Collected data
::::
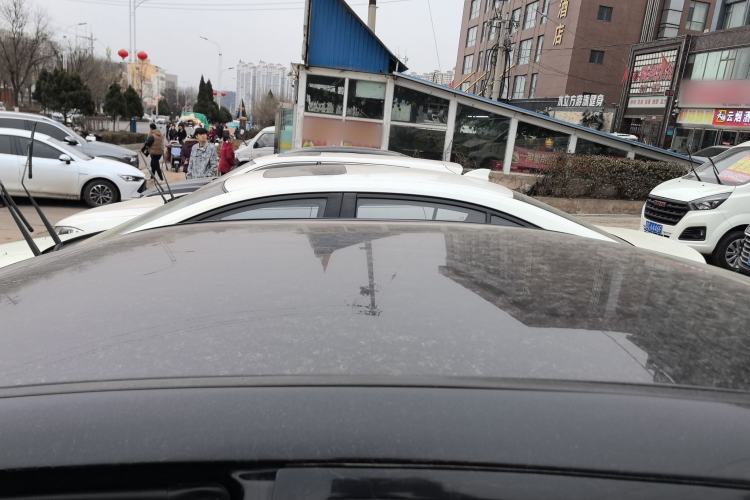 Used BYD F3 2013 Energy-Efficient Model 1.5L Manual Comfort Version
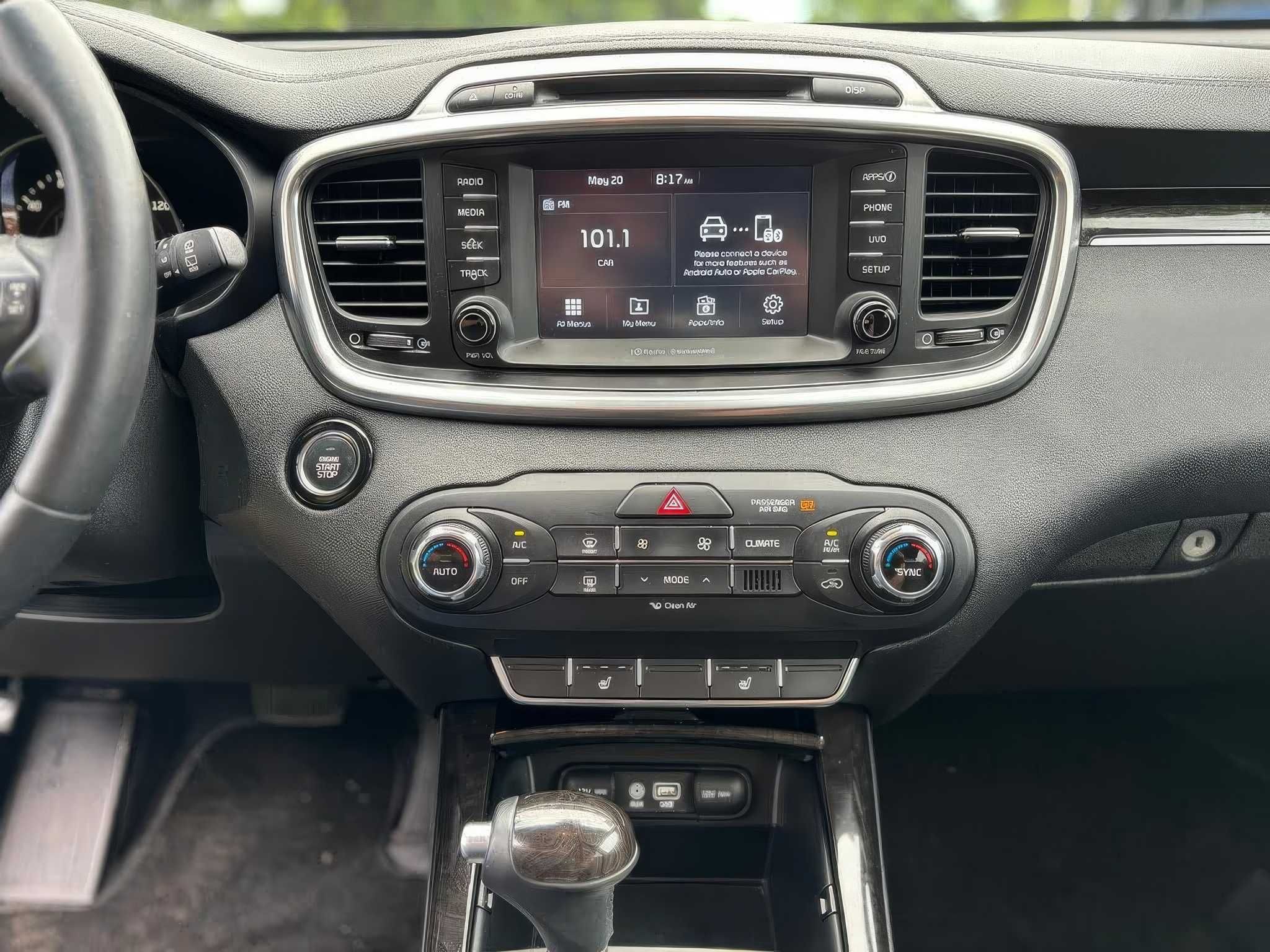 2018 Kia Sorento EX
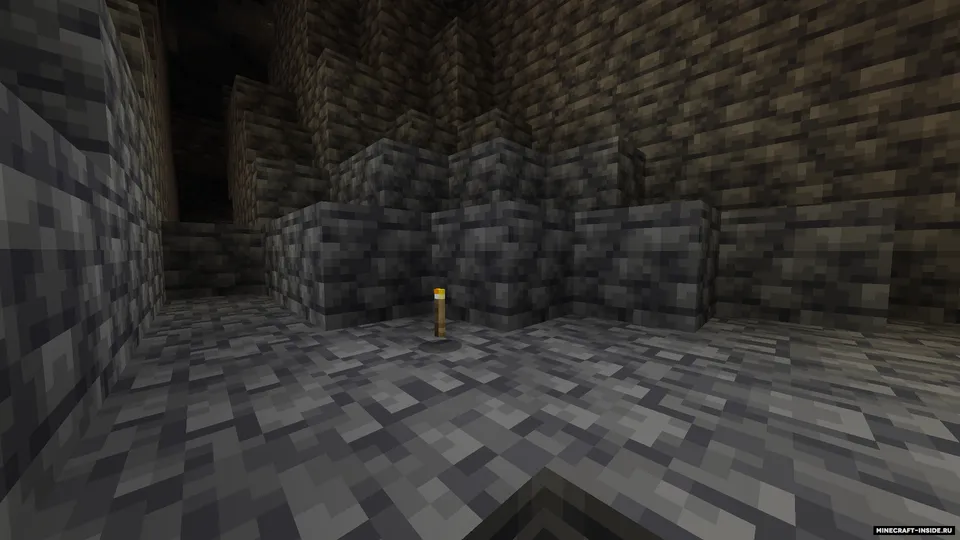 Tschipcraft 's Dynamic Lights — Minecraft mod, rasm 4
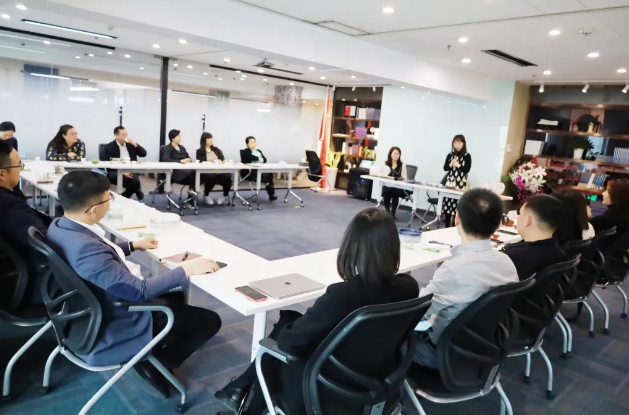 盈科大连下午茶 | 第四十一期——茶艺美学之茶席上的商务礼仪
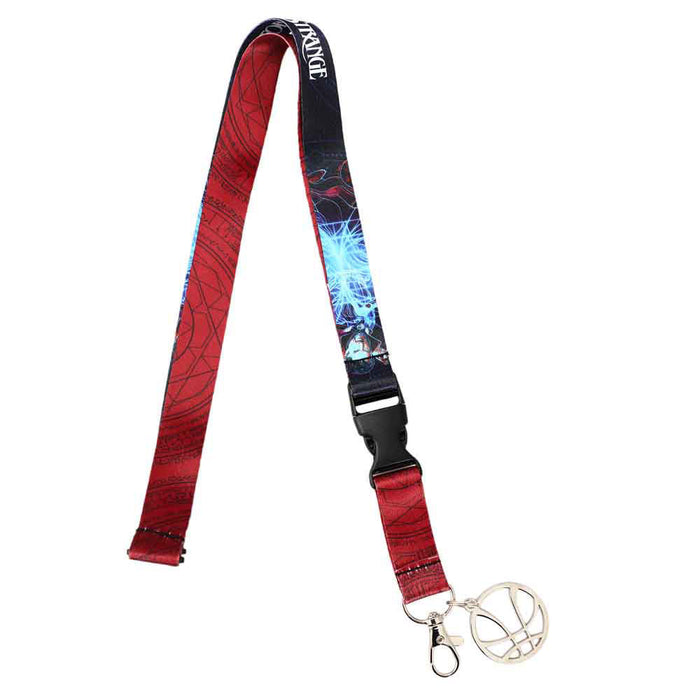 Bioworld Marvel Doctor Strange Multiverse Of Madness Lanyard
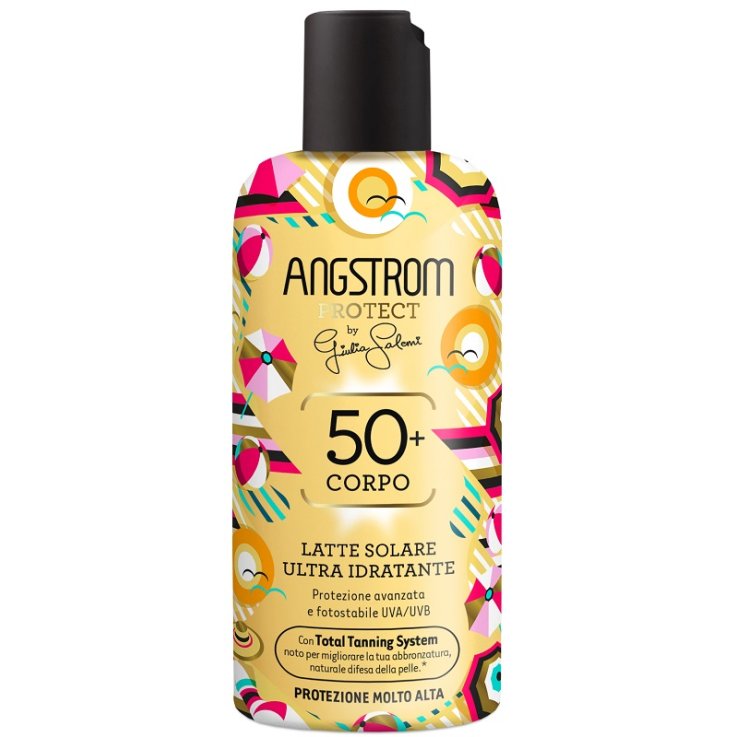 Angstrom Latte Solare Spf50+ Angstrom Latte Solare Spf50+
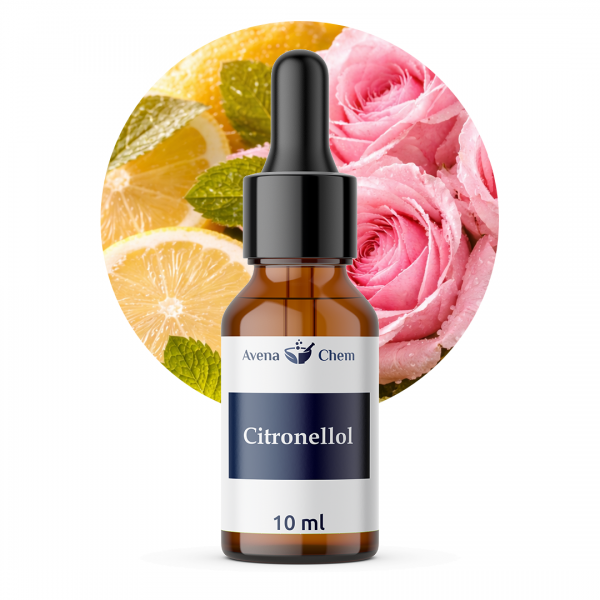 Citronellol-(1)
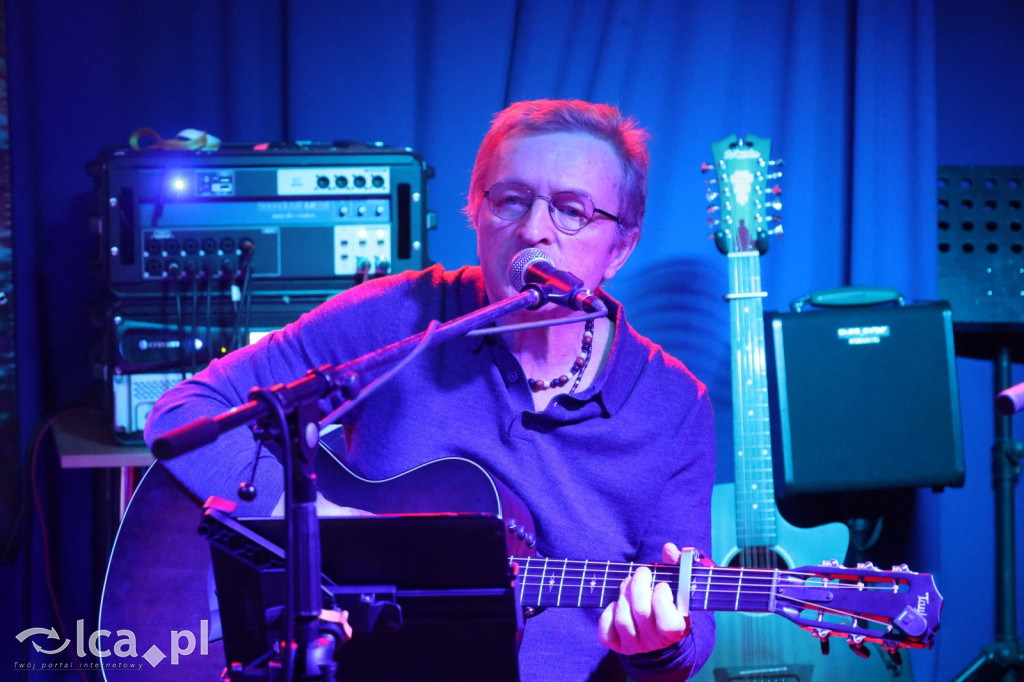 Koncert poezji śpiewanej w SDK „Kopernik”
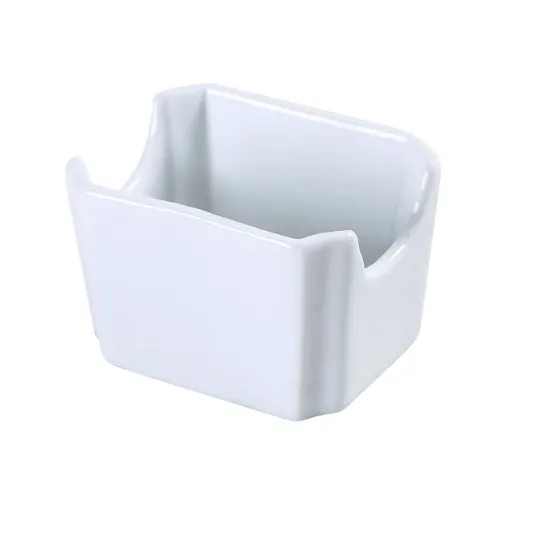 Picture of SP-7-P Accessories 3 1/8″ Sugar Packet Holder Super White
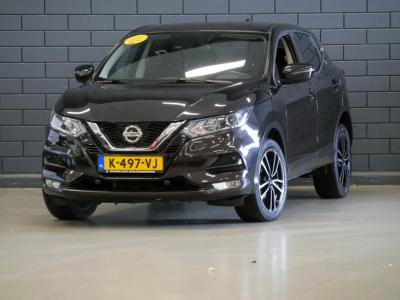 Financial Leas Nissan QASHQAI 1.3 160PK DIG-T Automaat Business Edition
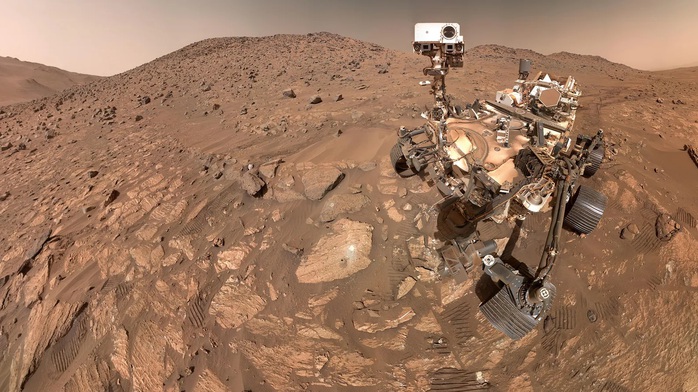 NASA "đến rất gần" sự sống ngo&agrave;i h&agrave;nh tinh - Ảnh 1.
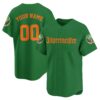 Personalized Jägermeister Baseball Jersey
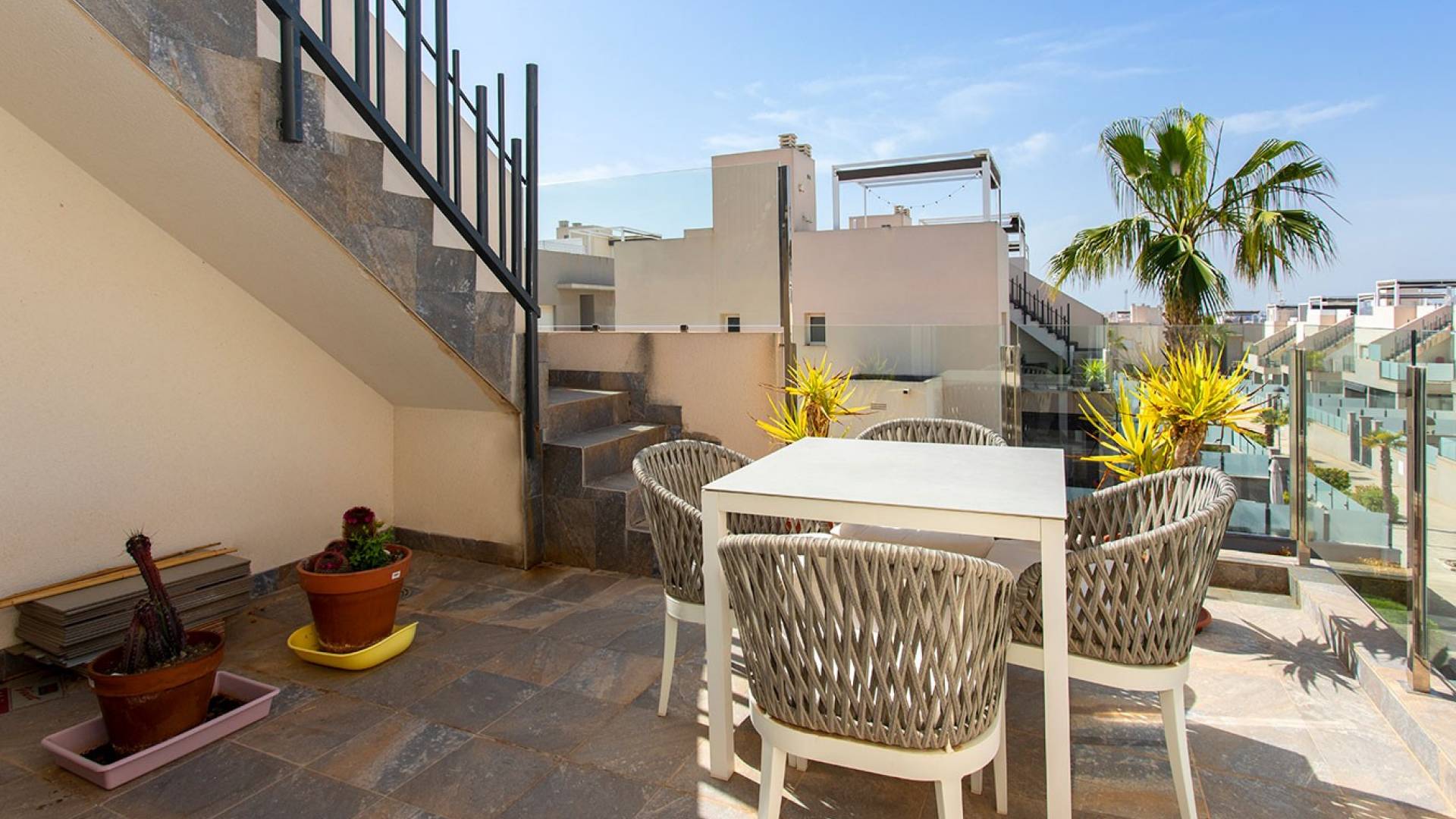 Segunda Mano - Bungalow - Torrevieja - Aguas Nuevas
::::
## INSTRUCTIONS TO FOLLOW:
Each record above needs to be retyped exactly, without any pictures.

## EXERCISE OUTPUT:
 Used BYD F3 2013 Energy-Efficient Model 1.5L Manual Comfort Version
 2018 Kia Sorento EX
 Tschipcraft 's Dynamic Lights — Minecraft mod, rasm 4
 盈科大连下午茶 | 第四十一期——茶艺美学之茶席上的商务礼仪
 Bioworld Marvel Doctor Strange Multiverse Of Madness Lanyard
 Angstrom Latte Solare Spf50+ Angstrom Latte Solare Spf50+
 Citronellol-(1)
 Koncert poezji śpiewanej w SDK „Kopernik”
 Picture of SP-7-P Accessories 3 1/8″ Sugar Packet Holder Super White
 Financial Leas Nissan QASHQAI 1.3 160PK DIG-T Automaat Business Edition
 NASA "đến rất gần" sự sống ngo&agrave;i h&agrave;nh tinh - Ảnh 1.
 Personalized Jägermeister Baseball Jersey
 Segunda Mano - Bungalow - Torrevieja - Aguas Nuevas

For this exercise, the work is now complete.